● **Assigned task**
Print only the lines running from the line with "Excess Skin After Losing 100 Pounds" to the final line below, both included, exactly as written and without the pictures.

(Dataset items)
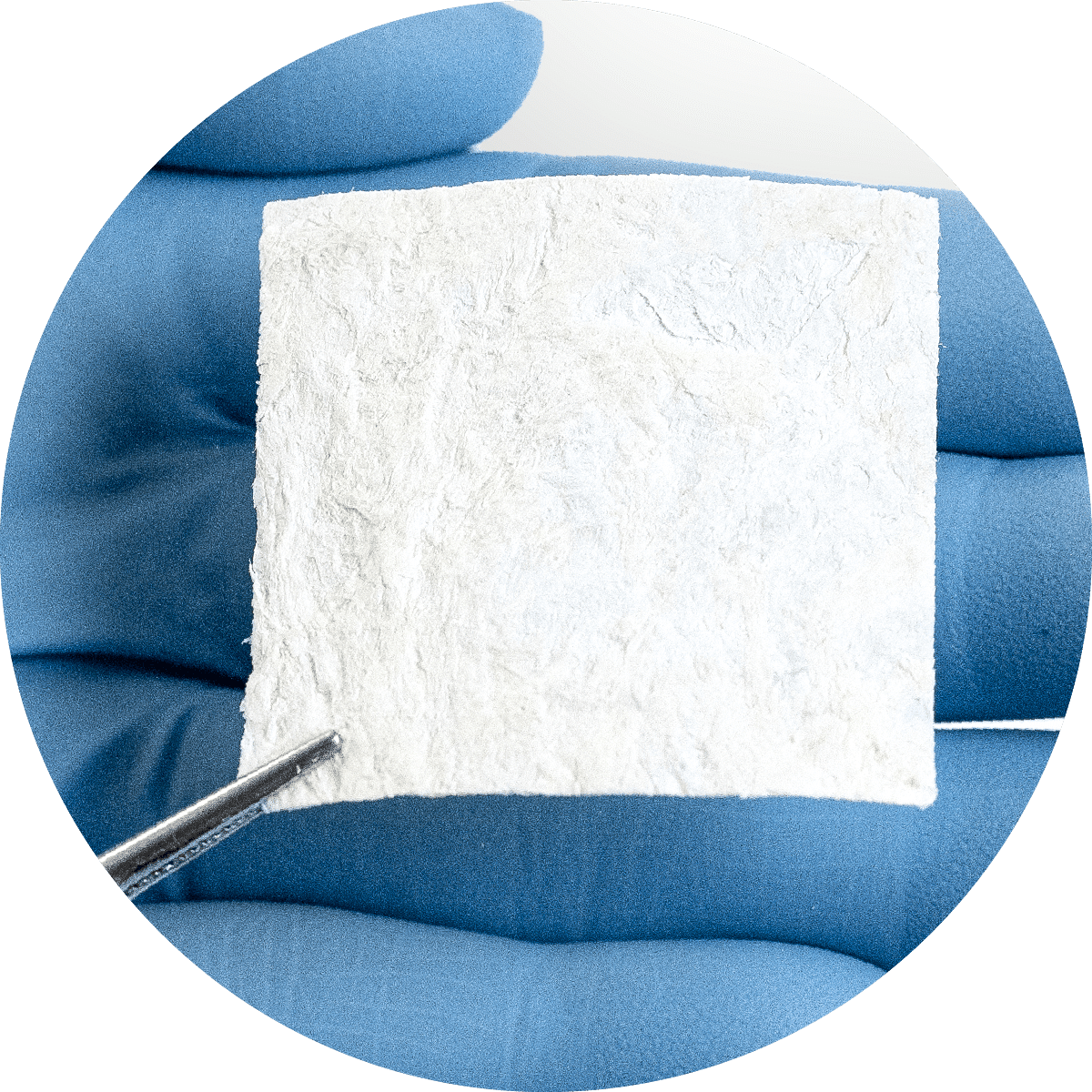 Vialize placental membrane held with forceps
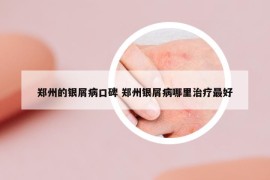 郑州的银屑病口碑 郑州银屑病哪里治疗最好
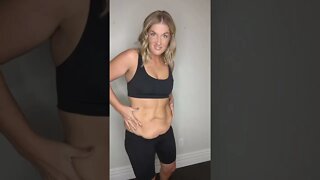 Excess Skin After Losing 100 Pounds
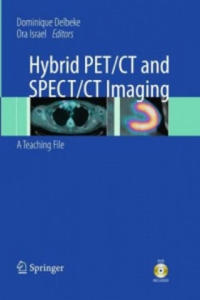 Hybrid PET/CT and SPECT/CT Imaging - 2861955844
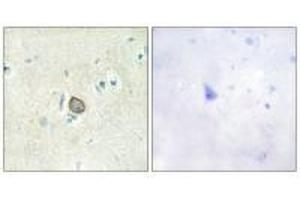 Immunohistochemistry analysis of paraffin-embedded human brain tissue using CELSR3 antibody. (CELSR3 抗体)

● **Task output**
 Excess Skin After Losing 100 Pounds
 Hybrid PET/CT and SPECT/CT Imaging - 2861955844
 Immunohistochemistry analysis of paraffin-embedded human brain tissue using CELSR3 antibody. (CELSR3 抗体)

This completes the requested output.